In 2014, Evans blamed poor UKIP support in London on the city's high number of "educated, cultured and young". She explained that she thought that in London, voters were "more likely, I think, to have read some of the negative press that's been about us, and I think they'd be more likely to believe it" whereas outside London people were more cynical about media reporting. In April 2015, Evans blamed the British housing shortage on increased demand caused by mass migration, a theory also repeated by Nigel Farage in election debates.

Evans was the UKIP candidate for the Shrewsbury and Atcham constituency in the 2015 general election, finishing third with 14.4% of the total vote.

===After the 2015 general election===

On 8 May 2015, Nigel Farage recommended her as the Interim Leader of UKIP following his resignation, but within three days the National Executive Committee of the party had rejected the Farage resignation, and so he remained leader.

On 18 June 2015, following comments made by Evans on the BBC's Daily Politics, Evans commented that the public had a "perceived divisive" view of Nigel Farage. The UKIP press office then withdrew Evans as a media commentator for UKIP, pending an internal inquiry.

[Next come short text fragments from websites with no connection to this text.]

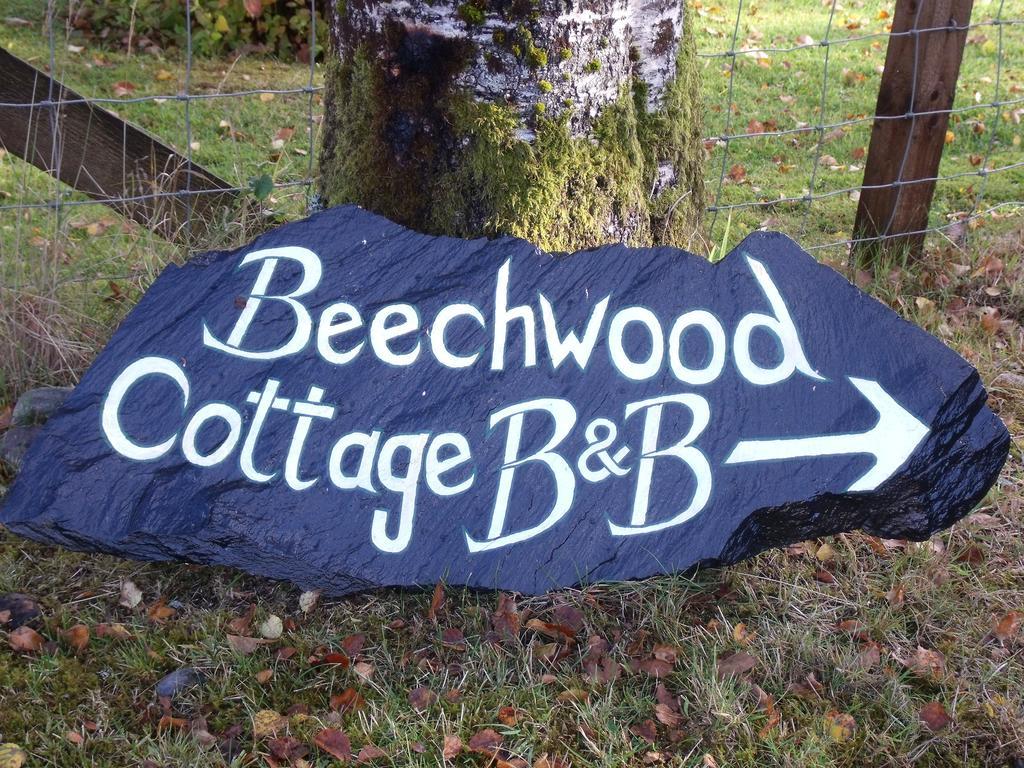 Beechwood Cottage B&B Glencoe Exterior photo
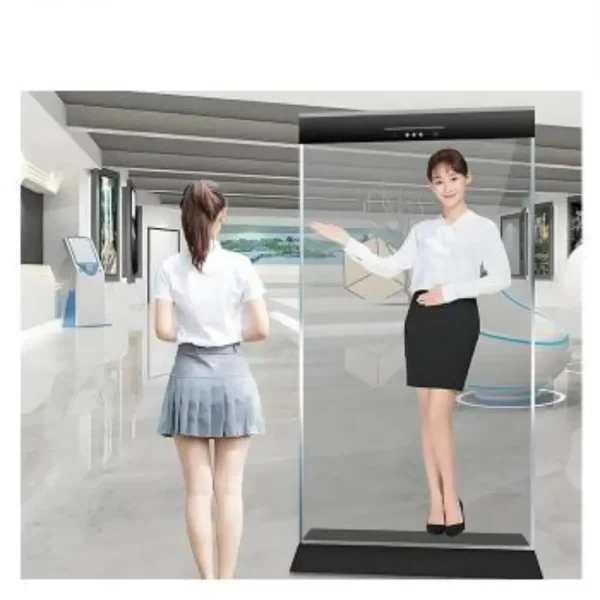 Assistant IA Numérique 3D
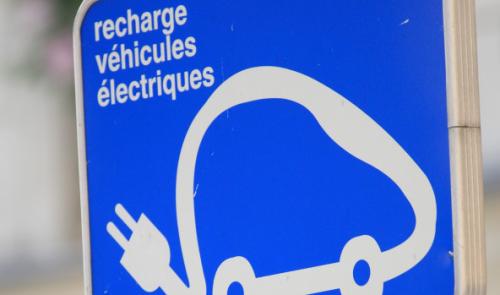 Seraing : deux bornes de rechargement accessibles gratuitement pour les citoyens  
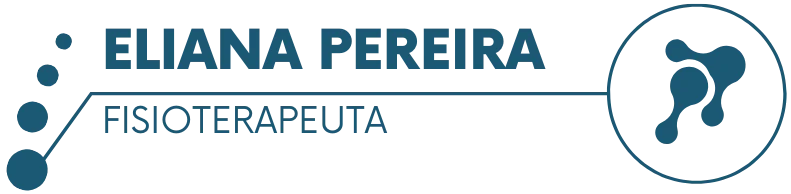 Logotipo Fisioterapeuta Eliana Pereira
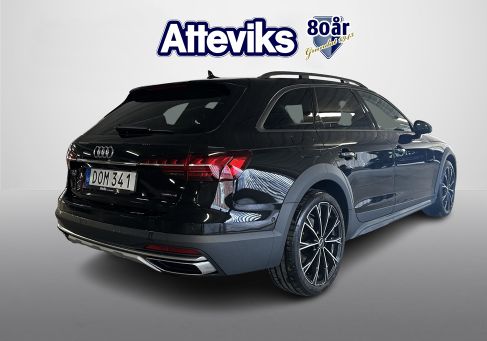 Audi A4 Allroad, 2023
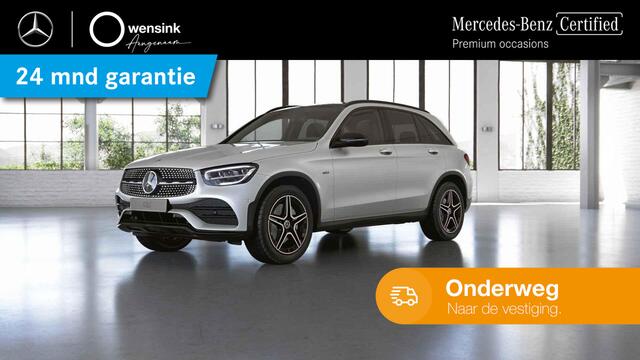 Mercedes-Benz GLC-KLASSE 300e 4MATIC Business Solution AMG | Night | Stoelverwarming | Achteruitrijcamera | Dakrails |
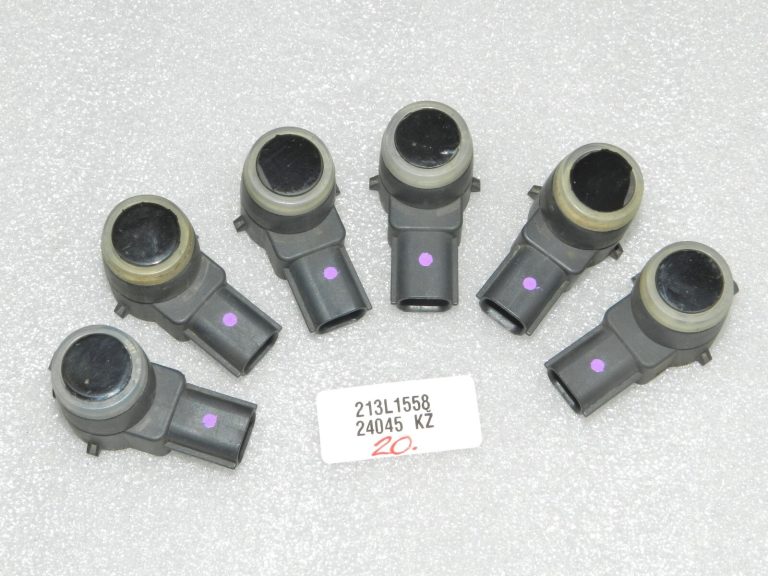 Lancia Thema II PDC parkošanās palīgierīce K1EW63TZZAA, 1EW63DX8AA oriģinālā aprīkojuma sensors Bosch
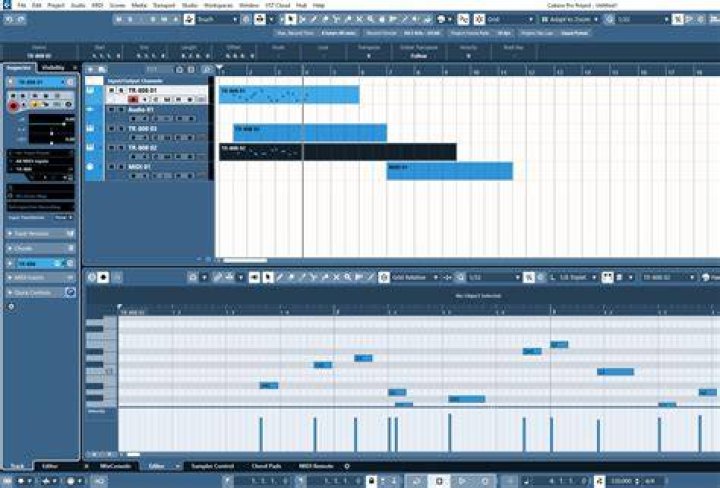 Cubase Midi Setup Step 4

On 23 March 2016, while still on the UKIP party list for the 2016 London Assembly election, Evans was suspended for six months from the party by UKIP's internal disciplinary committee. She, in turn, began legal action in the High Court against the decision, on the grounds that rules were allegedly being abused. Her six-month suspension from the party lapsed on 23 September.

===UKIP leadership bid===

Evans launched her bid to become leader of UKIP in October 2016, following the resignation of Diane James after 18 days in the job. Launching her campaign on The Andrew Marr Show, Evans said she'd be the "strong centre" and described herself and fellow candidate Paul Nuttall as "Team Sensible" compared to fellow candidate Raheem Kassam, following extreme comments from the soon-to-resign leadership candidate. When the results were announced, on 28 November 2016, she came a distant second out of the remaining three, and lost her deposit with 19.3% of the vote.

==Charity work==

Evans founded the Lipoedema UK charity in 2011, after discovering that she suffers from the condition.